Subsequent to Trujillo but after the trial in this case, the uniform jury instruction for kidnapping, UJI 14-403, was amended. It now requires a finding that the taking, restraint, confinement, or transportation of the victim "was not slight, inconsequential, or merely incidental to the commission of another crime[,]" id., but only "if the evidence raises a genuine issue of incidental conduct," id.

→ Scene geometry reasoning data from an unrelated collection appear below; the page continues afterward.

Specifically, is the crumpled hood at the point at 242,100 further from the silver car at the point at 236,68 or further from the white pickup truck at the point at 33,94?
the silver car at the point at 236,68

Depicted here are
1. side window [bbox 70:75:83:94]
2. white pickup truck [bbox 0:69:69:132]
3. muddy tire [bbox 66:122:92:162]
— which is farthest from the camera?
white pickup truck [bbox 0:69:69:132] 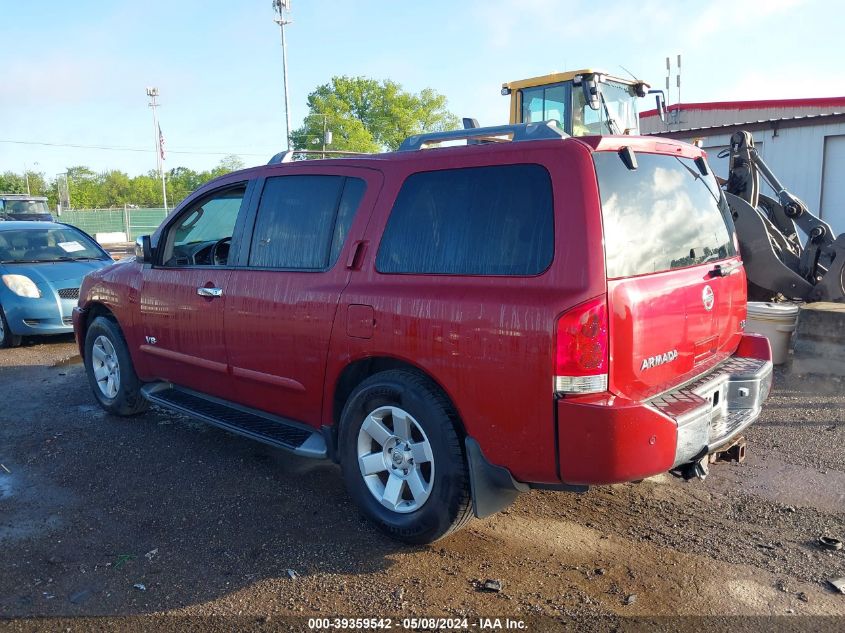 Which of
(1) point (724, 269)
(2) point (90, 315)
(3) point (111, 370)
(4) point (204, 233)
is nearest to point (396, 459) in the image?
(1) point (724, 269)

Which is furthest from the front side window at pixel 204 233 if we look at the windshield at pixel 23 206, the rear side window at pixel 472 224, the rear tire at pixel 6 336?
the windshield at pixel 23 206

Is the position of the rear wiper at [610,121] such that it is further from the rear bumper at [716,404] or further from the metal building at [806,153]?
the rear bumper at [716,404]

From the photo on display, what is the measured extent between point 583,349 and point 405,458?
3.71ft

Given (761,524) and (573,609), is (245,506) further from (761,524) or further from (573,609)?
(761,524)

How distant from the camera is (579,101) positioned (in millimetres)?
10758

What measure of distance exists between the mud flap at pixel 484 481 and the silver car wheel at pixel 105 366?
3.59 metres

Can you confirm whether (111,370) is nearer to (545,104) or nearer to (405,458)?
(405,458)

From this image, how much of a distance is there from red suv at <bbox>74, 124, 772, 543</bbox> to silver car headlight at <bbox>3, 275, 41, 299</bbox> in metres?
5.09

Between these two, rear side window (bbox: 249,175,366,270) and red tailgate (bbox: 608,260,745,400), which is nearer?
red tailgate (bbox: 608,260,745,400)

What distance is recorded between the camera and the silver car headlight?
8555 mm

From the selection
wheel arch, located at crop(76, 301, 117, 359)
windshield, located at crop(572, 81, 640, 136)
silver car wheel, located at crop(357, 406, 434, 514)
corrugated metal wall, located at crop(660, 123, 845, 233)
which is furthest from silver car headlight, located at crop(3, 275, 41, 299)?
corrugated metal wall, located at crop(660, 123, 845, 233)

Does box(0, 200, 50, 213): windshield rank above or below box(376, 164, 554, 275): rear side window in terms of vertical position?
above

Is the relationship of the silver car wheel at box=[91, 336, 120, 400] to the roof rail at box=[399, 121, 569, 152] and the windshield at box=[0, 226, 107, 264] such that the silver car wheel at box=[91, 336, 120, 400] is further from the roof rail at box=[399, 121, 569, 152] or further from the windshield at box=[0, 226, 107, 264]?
the windshield at box=[0, 226, 107, 264]

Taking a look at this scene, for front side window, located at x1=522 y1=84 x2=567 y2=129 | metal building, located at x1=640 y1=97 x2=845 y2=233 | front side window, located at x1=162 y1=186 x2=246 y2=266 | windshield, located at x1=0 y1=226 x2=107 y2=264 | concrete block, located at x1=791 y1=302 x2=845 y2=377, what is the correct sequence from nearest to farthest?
1. front side window, located at x1=162 y1=186 x2=246 y2=266
2. concrete block, located at x1=791 y1=302 x2=845 y2=377
3. windshield, located at x1=0 y1=226 x2=107 y2=264
4. front side window, located at x1=522 y1=84 x2=567 y2=129
5. metal building, located at x1=640 y1=97 x2=845 y2=233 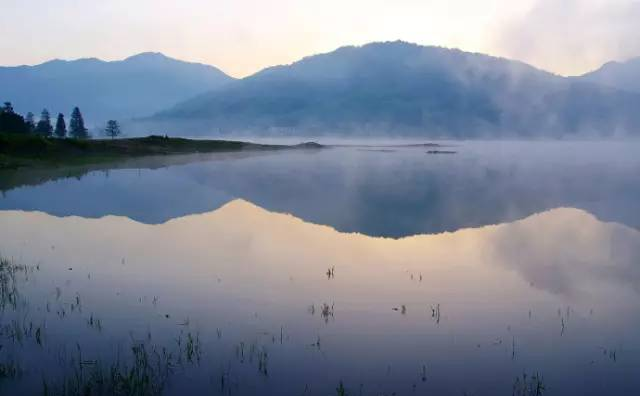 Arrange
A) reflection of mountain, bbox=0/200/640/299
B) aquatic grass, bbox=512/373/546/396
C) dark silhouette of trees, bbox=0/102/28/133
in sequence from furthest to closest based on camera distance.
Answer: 1. dark silhouette of trees, bbox=0/102/28/133
2. reflection of mountain, bbox=0/200/640/299
3. aquatic grass, bbox=512/373/546/396

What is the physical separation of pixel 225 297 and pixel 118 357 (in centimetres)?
497

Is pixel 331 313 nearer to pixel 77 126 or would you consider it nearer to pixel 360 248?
pixel 360 248

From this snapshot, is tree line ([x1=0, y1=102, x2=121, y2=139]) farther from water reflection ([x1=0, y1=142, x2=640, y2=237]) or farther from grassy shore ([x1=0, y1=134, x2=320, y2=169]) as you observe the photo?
water reflection ([x1=0, y1=142, x2=640, y2=237])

Use Note 8.
Defendant states that the total invasion time was "anywhere from 5 to 30 minutes[.]" In support, Defendant cites a pretrial motion hearing, at which an officer who interviewed the victims testified that the incident lasted five to ten minutes. The only evidence from trial we found on the subject was the testimony of Cantu and Blackman described above. Defendant cites no authority for the proposition that courts may look to evidence presented outside of trial when evaluating the propriety of a jury instruction, and we do not consider such evidence in our analysis. See State v. Vigil-Giron, 2014-NMCA-069, ¶ 60, 327 P.3d 1129 ("[A]ppellate courts will not consider an issue if no authority is cited in support of the issue and . . . given no cited authority, we assume no such authority exists[.]").
Defendant additionally contends that the kidnapping restraint was merely incidental to the ongoing robbery. In response, the State argues that, because Defendant prolonged Blackman's confinement after the robbery was completed and Defendant did not in fact commit robbery of Blackman, the kidnapping restraint could not have been merely incidental to the robbery. Defendant does not address these contentions. Nor does he elaborate on how the restraint used for the kidnapping was merely incidental to the robbery, which required only that Defendant or his accomplice "took and carried away" property "by threatened force or violence" while armed with a firearm. See UJI 14-1621. We accordingly do not consider Defendant's argument further. See State v. Guerra, 2012-NMSC-014, ¶ 21, 278 P.3d 1031 (providing that appellate courts are under no obligation to review unclear or undeveloped arguments).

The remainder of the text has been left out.